I believe the story of Abraham and Isaac is part of that progression. In the context of the Abrahamic story, God was revealing to Abraham (and to us thousands of years later) that He is not arbitrary and capricious.

Though Abraham believed he must sacrifice Isaac despite waiting decades for the fulfillment of the unattainable promise God gave him, God revealed to Him that He is not like that. He doesn’t require such sacrifice.

He is a God who cares for His us and desires relationship with with us. He is not a God who forces Himself on us. He is a God who reveals Himself to those who are hear his voice and are willing to trust Him.

God did that by allowing Abraham to walk right up to the edge of doing what he felt compelled to do in order to show Abraham that God provides another way. The demonstration of this proof, for Abraham, was all the more compelling for having walked through this demonstration personally.

Whether God told him to do it, or not, God did not change. Abraham was the one who changed in his understanding of who God is. God was taking Abraham through the thought process he knew in the culture with which he was intimately familiar to reveal to Abraham something that Abraham was sensing, but did not fully understand.

As Abraham and Isaac worked their way up Mount Moriah with the wood for the sacrifice to be made on that high place – which is where such sacrifices were made – Isaac asked where the sacrificial lamb was. Abraham’s response was, “God will provide”. He sensed it, but he didn’t fully understand it.

Abraham had to carry through with what he thought was required of him by his limited understanding to learn that God provides. Abraham had to do this to learn that God is not One who needs to be appeased, to learn that God provides the means by which we can attain relationship with Him, to learn that we can trust God with the things most dear to us.
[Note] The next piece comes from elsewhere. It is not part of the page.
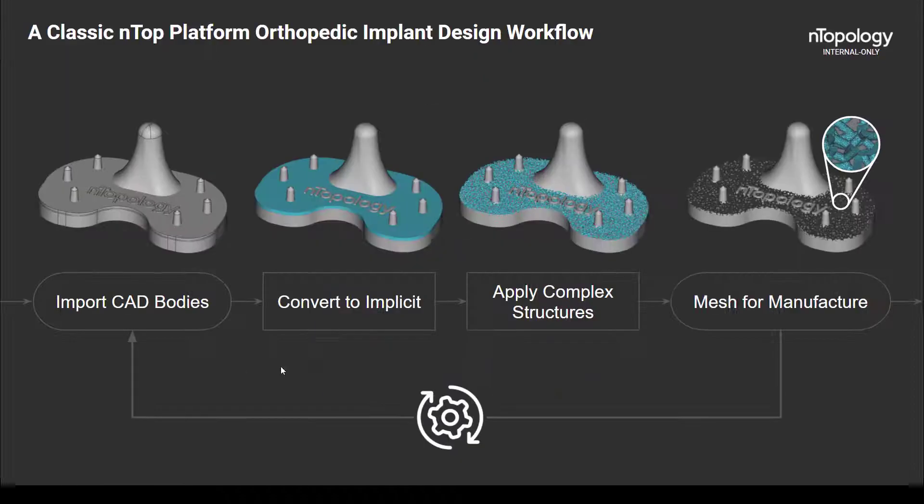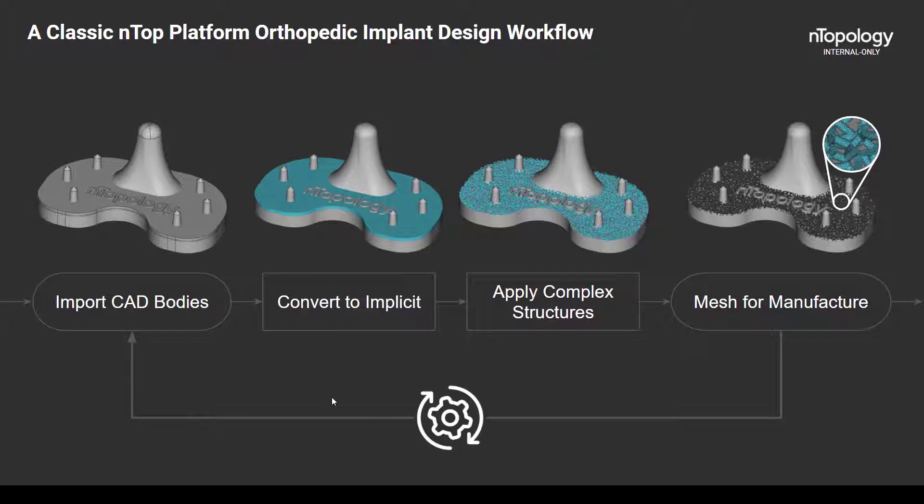Now, the classic nTop Platform orthopedic implant design workflow, that's quite a mouthful, it's fairly intuitive and consists of four major steps. The first is to import your CAD bodies, and though we take in native SOLIDWORKS part files, step files, and the like, the most compatible format to work with is actually the parasolid.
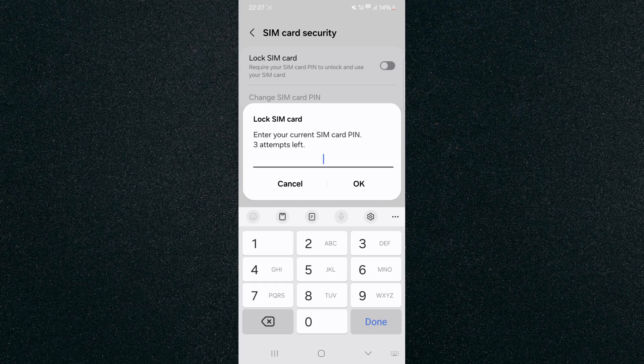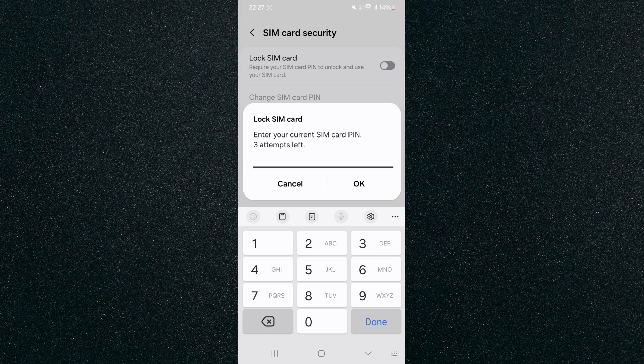Now if you don't know your PIN, as you can see it says three attempts left, don't try and guess this because if you use all the attempts this may lock your SIM card, which means that you wouldn't be able to use it until you contact your operator to unlock it. So only do this if you already know what your PIN is.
So profound and life changing was the lesson that Abraham learned that his descendants perceived God diametrically different than those from whom Abraham descended. The paradigm shift was so great that we, today, find the story (itself) so distasteful (to think that God might have asked Abraham to do it) that we recoil in horror at the thought.

It’s ironic that we find it so difficult to make sense of the story that we think God actually intended Abraham to do what we find (now) so unthinkable. Yet, we think nothing of the child sacrifice we practice today – not in subservience to gods (or God) who we think we must appease, but in subservience to our own ends.

God is not the one who flip flops. We are the ones who change.

I cannot begin to get into what has changed between the Old Testament to the New Testament, but I will say this in closing: God has not changed. I believe He has been revealing Himself little by little and unfolding His plan through all the generations of people from the beginning, and His plans are progressing to a conclusion that He has intended from the beginning.

He is the one who sees the end from the beginning. (Ecclesiastes 3:11) We do not have the perspective in our finitude to see what God sees. We often find greater understanding in retrospect, but our understanding will always be incomplete. Now, we only see “as in a mirror dimly” (or “through a glass darkly”), but someday “we shall see face to face; how, we know only in part; but then we shall know fully, even as we are fully known! (1 Corinthians 13:12)

One thought on “Does God Flip Flop? Abraham, Isaac, and Us

  1. I like hearing stories about how people come to their faith and increase their knowledge of the Lord. Over time, our understanding increases bit by bit as the cry of our heart is that we want to know him. I enjoyed your post. Thank you.